There is also a proposal now for the European Investment Bank (EIB) to provide 6bn euros in loans to the region over the same period.
Flawed Mediterranean plan
France launched the 43-nation Mediterranean Union during its EU presidency in 2008, to open a new chapter in Europe’s ties with North Africa and the Middle East.
But the new EU document says the Union did not bear fruit and now “needs to work more as a catalyst” to generate “jobs, innovation and growth that are so badly needed in the region”.
Arab-Israeli tensions hampered the Union, which focused on some ambitious – though as yet unrealised – joint environmental projects.
“The EU needs to go way beyond those practical projects… the situation calls for much more tailored strategies towards individual countries,” Richard Youngs told the BBC.
The new EU document speaks of helping small and medium-sized enterprises (SMEs) in the Arab world, which “have a critical role to play in job creation”.

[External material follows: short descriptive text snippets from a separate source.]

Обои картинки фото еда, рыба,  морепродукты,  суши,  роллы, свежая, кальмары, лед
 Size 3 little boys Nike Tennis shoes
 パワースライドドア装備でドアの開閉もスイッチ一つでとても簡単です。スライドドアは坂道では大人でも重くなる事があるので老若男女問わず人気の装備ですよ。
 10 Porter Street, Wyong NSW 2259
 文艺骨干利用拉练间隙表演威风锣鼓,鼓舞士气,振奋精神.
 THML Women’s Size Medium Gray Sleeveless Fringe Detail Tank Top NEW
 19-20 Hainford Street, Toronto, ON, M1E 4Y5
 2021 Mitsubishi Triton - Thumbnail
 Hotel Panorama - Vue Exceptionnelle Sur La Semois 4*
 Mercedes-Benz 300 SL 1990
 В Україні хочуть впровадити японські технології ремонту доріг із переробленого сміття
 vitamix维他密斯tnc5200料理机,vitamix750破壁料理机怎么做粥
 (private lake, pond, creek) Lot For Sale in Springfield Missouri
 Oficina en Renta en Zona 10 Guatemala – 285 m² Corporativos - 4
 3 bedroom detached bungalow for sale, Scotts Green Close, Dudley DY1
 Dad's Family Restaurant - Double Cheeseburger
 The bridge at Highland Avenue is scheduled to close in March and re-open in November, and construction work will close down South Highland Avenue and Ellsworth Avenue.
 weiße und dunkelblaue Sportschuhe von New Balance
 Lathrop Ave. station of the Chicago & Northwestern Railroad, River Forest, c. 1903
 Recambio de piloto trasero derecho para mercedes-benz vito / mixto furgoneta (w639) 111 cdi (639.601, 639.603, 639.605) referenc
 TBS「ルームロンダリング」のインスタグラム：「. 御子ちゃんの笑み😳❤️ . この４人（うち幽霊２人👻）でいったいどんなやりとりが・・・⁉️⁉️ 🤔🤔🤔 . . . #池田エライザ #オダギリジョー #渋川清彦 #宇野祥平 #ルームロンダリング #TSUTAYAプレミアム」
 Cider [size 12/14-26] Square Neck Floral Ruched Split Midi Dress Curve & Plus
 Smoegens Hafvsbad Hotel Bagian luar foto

Training, educational opportunities and tourism are other areas where the EU says it can help, without neglecting the need to promote social justice and free elections.
Before the Arab upheaval the European Neighbourhood Policy was more focused on the former Soviet Union.
The EU has helped organise democratic elections in Eastern Europe, for example in Ukraine and Moldova, providing possible models for EU involvement in Arab countries.
One important lesson, Mr Youngs says, is that “the EU needs to follow through when there are election irregularities”.
“If you don’t help after democratic breakthroughs they can drift back to authoritarian control,” he says, pointing to Ukraine, where the democratic ideals of the 2004 Orange Revolution were soon replaced by political bickering.